BEGIN
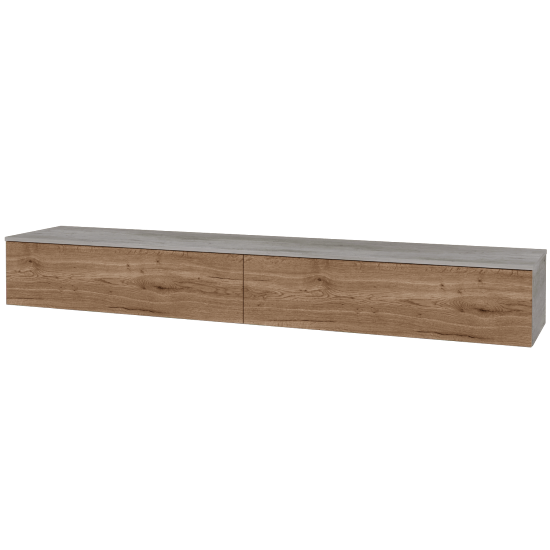 Skříňka pod umyvadlo MODULE SZZ12 240 (bez umyvadel)  - D01 Beton - D21 Tobacco - Ne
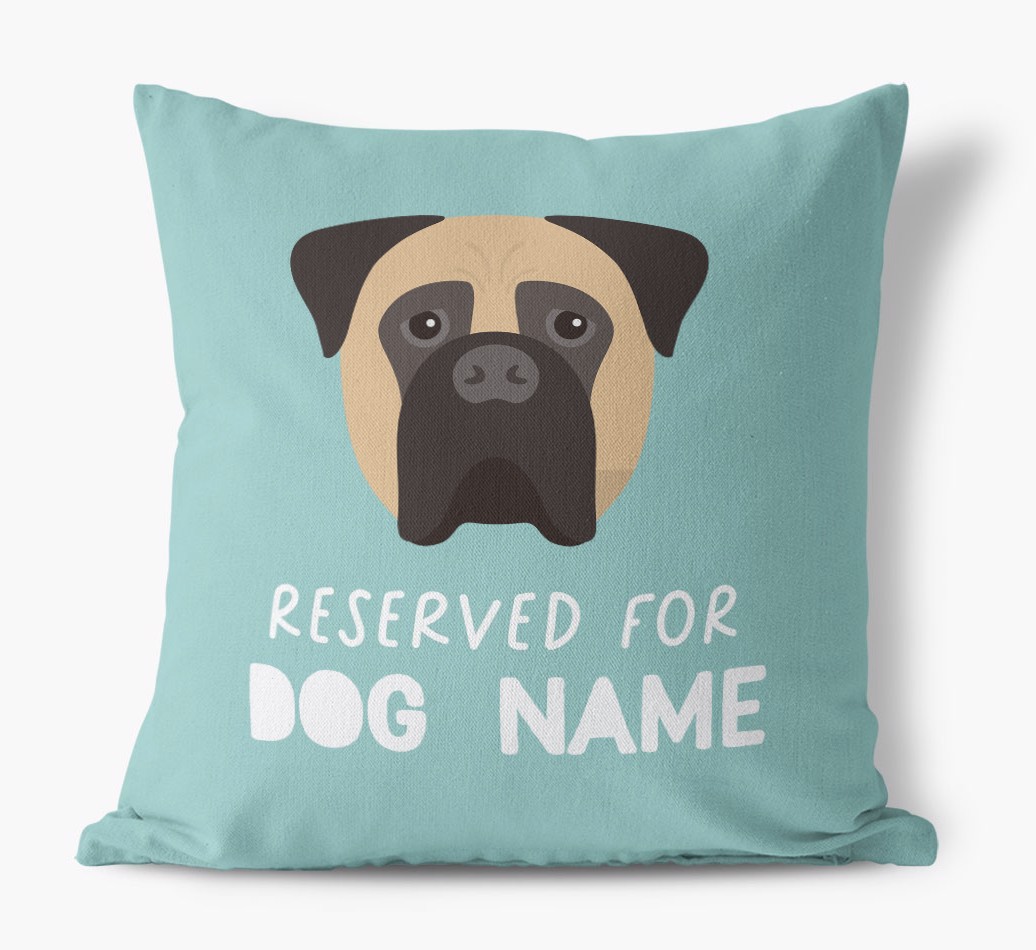 Reserved For: Personalised {breedFullName} Canvas Cushion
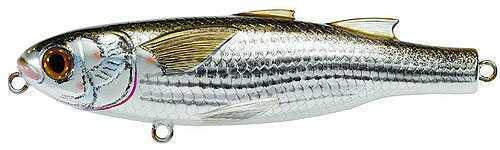 Koppers Mullet WalkIng Bait 4 3/4In Silver/Brown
END
- _GOAL OF THE EXERCISE_: Could you retype exactly the lines running from the one with "Reserved For: Personalised" to the end of the material above, pictures omitted?

- _ANSWER TO THIS EXERCISE_:
 Reserved For: Personalised {breedFullName} Canvas Cushion
 Koppers Mullet WalkIng Bait 4 3/4In Silver/Brown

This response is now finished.